Mozilla and W3C get to work on Tracking Protection
The W3C has created a Tracking Protection Working Group as part of its work to create standards for ways to allow users to say that they do not want to be tracked. Meanwhile, Mozilla are pushing forward with their Do Not Track (DNT) efforts with the publication of the first edition of "The Do Not Track Field Guide", a collection of case studies, tutorials, sample code and background material on DNT and the debates around it. The field guide is also available as HTML.
The field guide will be one of the set of "input documents" for the W3C's new working group, which also includes Microsoft's Web Tracking Protection submission to the W3C from February this year, the FTC staff report and guidelines, and the EFF commentary on tracking. The group itself is looking for broad-based participation and is to be led by two co-chairs: the first announced being Aleecia M. McDonald who recently joined Mozilla as Senior Privacy Researcher, the other chair is still to be announced.

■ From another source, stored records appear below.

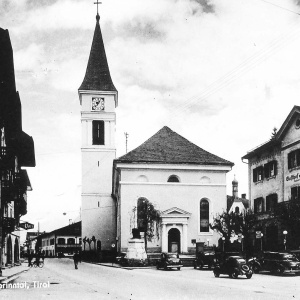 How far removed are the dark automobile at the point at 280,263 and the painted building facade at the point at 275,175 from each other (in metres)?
9.70

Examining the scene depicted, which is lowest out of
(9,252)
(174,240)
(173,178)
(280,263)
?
(9,252)

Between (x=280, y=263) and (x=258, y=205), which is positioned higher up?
(x=258, y=205)

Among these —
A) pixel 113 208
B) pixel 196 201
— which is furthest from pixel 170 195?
pixel 113 208

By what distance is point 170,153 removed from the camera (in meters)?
66.1

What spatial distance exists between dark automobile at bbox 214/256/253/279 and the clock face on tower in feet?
172

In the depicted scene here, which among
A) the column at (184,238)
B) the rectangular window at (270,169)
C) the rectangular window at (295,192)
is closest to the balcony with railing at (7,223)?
the rectangular window at (295,192)

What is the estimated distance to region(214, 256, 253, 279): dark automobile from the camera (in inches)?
1059

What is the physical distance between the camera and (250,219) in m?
46.7

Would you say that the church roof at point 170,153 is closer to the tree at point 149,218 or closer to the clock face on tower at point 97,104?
the tree at point 149,218

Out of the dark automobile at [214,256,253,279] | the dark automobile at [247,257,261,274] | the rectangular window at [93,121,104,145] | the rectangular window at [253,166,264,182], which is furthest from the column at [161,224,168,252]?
the dark automobile at [214,256,253,279]

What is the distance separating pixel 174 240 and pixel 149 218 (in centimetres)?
425

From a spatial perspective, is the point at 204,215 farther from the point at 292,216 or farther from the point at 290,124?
the point at 292,216

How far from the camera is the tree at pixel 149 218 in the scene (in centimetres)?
6058

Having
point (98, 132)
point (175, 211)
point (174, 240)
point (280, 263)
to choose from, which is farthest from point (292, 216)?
point (98, 132) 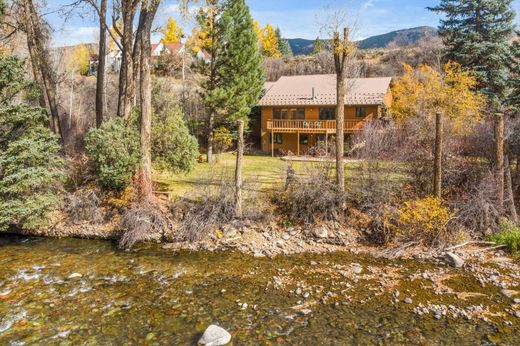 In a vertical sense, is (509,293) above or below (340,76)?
below

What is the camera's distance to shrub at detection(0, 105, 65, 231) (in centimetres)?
1273

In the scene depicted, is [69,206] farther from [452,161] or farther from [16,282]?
[452,161]

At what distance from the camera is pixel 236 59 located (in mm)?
24719

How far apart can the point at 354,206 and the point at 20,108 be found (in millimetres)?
12913

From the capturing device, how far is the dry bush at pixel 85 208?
14711 millimetres

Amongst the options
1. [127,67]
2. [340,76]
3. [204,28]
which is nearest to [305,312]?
[340,76]

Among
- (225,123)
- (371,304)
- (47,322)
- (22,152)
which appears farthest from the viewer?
(225,123)

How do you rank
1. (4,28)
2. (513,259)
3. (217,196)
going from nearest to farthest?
1. (513,259)
2. (217,196)
3. (4,28)

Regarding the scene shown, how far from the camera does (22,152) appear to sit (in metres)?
13.0

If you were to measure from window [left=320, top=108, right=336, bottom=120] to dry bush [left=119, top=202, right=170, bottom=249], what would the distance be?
20.3 meters

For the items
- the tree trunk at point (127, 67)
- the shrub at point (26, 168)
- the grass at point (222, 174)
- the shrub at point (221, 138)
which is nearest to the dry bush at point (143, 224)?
the grass at point (222, 174)

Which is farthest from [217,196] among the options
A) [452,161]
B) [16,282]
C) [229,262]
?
[452,161]

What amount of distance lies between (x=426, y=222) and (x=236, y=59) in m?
16.8

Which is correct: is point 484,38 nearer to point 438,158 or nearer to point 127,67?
point 438,158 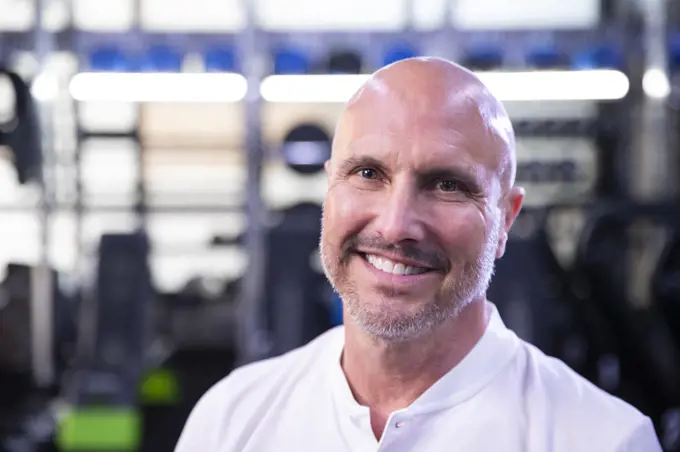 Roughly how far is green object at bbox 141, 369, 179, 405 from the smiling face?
3.16 meters

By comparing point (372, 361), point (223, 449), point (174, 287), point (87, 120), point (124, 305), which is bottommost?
point (174, 287)

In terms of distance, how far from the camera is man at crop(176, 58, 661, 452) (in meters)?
1.05

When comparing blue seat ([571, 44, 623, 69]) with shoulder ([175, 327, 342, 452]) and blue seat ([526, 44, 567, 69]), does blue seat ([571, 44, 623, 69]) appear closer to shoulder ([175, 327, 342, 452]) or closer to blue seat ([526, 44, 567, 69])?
blue seat ([526, 44, 567, 69])

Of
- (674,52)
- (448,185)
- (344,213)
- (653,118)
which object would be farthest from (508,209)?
(653,118)

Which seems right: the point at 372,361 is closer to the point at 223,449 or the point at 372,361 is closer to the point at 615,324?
the point at 223,449

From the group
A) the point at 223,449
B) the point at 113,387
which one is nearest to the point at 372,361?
the point at 223,449

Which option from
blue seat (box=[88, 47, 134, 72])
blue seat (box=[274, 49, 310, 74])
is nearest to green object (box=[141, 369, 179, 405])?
blue seat (box=[88, 47, 134, 72])

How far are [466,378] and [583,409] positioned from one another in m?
0.16

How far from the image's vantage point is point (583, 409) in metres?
1.10

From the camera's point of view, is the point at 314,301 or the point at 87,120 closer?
the point at 314,301

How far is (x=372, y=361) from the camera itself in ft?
3.88

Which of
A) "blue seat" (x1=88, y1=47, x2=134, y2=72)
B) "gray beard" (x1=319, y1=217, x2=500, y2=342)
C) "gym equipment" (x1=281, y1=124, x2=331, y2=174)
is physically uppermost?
"gray beard" (x1=319, y1=217, x2=500, y2=342)

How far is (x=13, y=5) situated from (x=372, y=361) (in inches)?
199

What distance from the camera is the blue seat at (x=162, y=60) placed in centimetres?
349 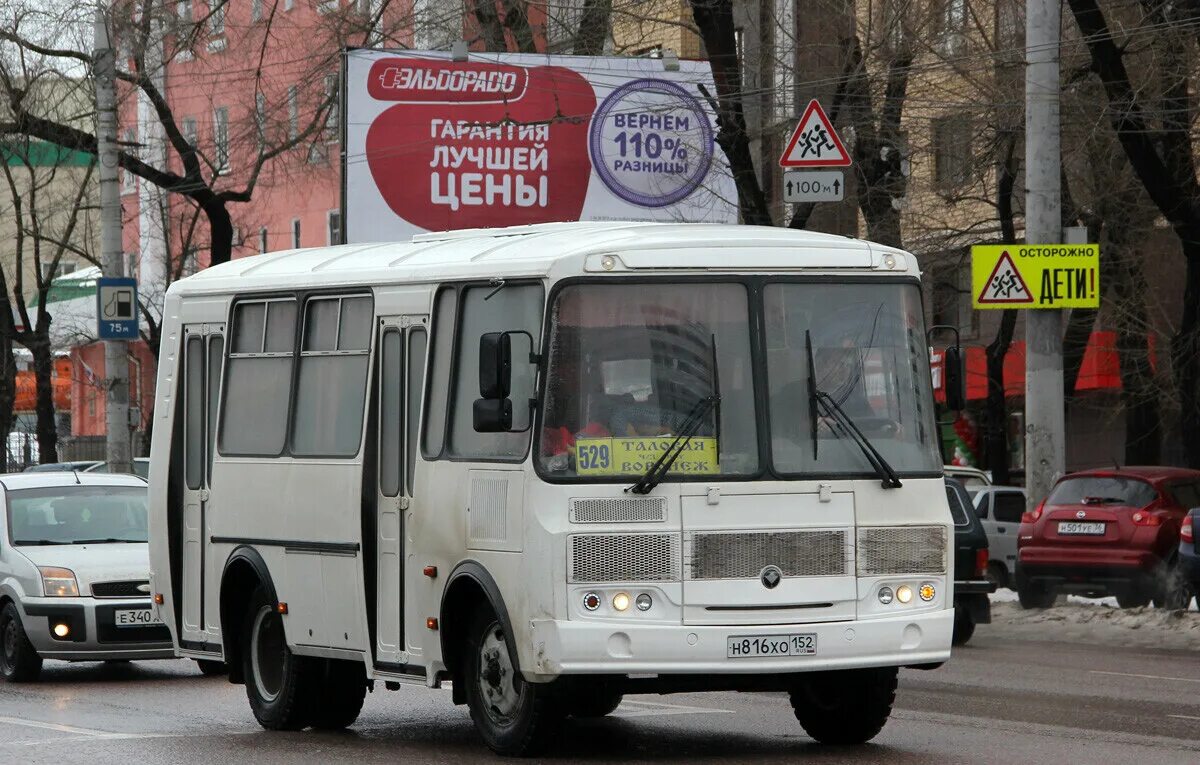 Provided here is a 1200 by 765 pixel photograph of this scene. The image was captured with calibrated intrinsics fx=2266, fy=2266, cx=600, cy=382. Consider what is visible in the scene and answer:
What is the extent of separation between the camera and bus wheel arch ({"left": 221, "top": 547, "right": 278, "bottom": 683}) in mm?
13180

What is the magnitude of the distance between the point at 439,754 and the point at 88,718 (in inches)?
127

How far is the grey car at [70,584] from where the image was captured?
16453 millimetres

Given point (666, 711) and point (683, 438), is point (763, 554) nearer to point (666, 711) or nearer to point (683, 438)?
point (683, 438)

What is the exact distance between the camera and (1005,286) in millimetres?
22266

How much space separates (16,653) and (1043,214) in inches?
447

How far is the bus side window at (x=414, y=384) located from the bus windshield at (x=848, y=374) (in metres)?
1.89

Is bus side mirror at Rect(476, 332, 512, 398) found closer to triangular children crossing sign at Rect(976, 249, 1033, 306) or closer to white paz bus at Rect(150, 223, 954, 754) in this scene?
white paz bus at Rect(150, 223, 954, 754)

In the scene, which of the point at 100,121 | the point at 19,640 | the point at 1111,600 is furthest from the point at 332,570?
the point at 100,121

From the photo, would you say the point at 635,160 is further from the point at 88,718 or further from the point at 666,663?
the point at 666,663

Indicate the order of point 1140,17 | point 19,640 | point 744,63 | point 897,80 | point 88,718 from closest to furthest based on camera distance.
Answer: point 88,718
point 19,640
point 1140,17
point 897,80
point 744,63

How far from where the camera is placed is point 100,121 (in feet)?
96.7

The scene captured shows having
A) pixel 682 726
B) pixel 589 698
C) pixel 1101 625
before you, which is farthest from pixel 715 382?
pixel 1101 625

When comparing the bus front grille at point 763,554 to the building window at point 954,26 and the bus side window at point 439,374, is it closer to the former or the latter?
the bus side window at point 439,374

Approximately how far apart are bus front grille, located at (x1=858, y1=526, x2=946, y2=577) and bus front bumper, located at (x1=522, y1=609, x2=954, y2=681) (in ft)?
0.93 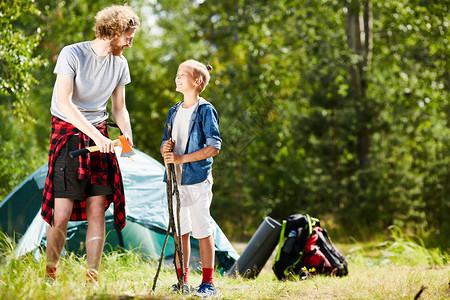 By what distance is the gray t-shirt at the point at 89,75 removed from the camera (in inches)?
102

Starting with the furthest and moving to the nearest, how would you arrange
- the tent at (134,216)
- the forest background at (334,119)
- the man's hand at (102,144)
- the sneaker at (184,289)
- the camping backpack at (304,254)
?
the forest background at (334,119), the tent at (134,216), the camping backpack at (304,254), the sneaker at (184,289), the man's hand at (102,144)

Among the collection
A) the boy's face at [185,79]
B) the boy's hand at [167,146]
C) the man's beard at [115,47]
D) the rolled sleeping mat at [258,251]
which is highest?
the man's beard at [115,47]

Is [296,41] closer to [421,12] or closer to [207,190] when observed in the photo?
[421,12]

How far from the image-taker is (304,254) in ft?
13.6

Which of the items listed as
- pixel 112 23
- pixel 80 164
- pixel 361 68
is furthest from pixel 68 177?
pixel 361 68

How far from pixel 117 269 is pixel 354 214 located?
200 inches

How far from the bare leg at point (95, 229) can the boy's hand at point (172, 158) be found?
1.27ft

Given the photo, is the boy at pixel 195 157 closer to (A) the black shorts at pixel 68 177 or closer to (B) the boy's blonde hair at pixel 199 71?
(B) the boy's blonde hair at pixel 199 71

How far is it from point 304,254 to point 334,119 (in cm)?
481

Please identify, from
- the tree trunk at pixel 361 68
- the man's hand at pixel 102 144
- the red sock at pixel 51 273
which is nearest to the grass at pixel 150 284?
the red sock at pixel 51 273

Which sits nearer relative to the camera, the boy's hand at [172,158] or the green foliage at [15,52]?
the boy's hand at [172,158]

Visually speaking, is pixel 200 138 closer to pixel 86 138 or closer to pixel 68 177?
pixel 86 138

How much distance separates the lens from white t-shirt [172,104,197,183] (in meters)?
2.96

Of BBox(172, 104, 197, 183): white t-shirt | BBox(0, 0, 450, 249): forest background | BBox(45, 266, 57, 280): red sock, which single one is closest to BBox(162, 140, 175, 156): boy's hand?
BBox(172, 104, 197, 183): white t-shirt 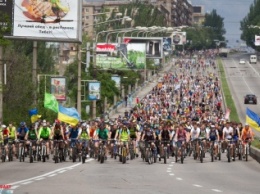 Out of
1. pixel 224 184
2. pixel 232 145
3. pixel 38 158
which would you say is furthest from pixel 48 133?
pixel 224 184

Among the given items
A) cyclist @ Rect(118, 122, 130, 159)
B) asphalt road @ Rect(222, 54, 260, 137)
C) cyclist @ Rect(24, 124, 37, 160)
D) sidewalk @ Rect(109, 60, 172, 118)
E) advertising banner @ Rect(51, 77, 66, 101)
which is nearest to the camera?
cyclist @ Rect(24, 124, 37, 160)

The W3C working group plans to have its first telephone meeting on 14 September and a first face-to-face meeting on 21-22 September.
Mozilla's analytics team have also been breaking down the statistics for Do Not Track adoption (and working out how to calculate adoption without self-defeatingly tracking users). They estimate that just under five per cent of Firefox users have now turned on the "Do Not Track" mechanism within the browser.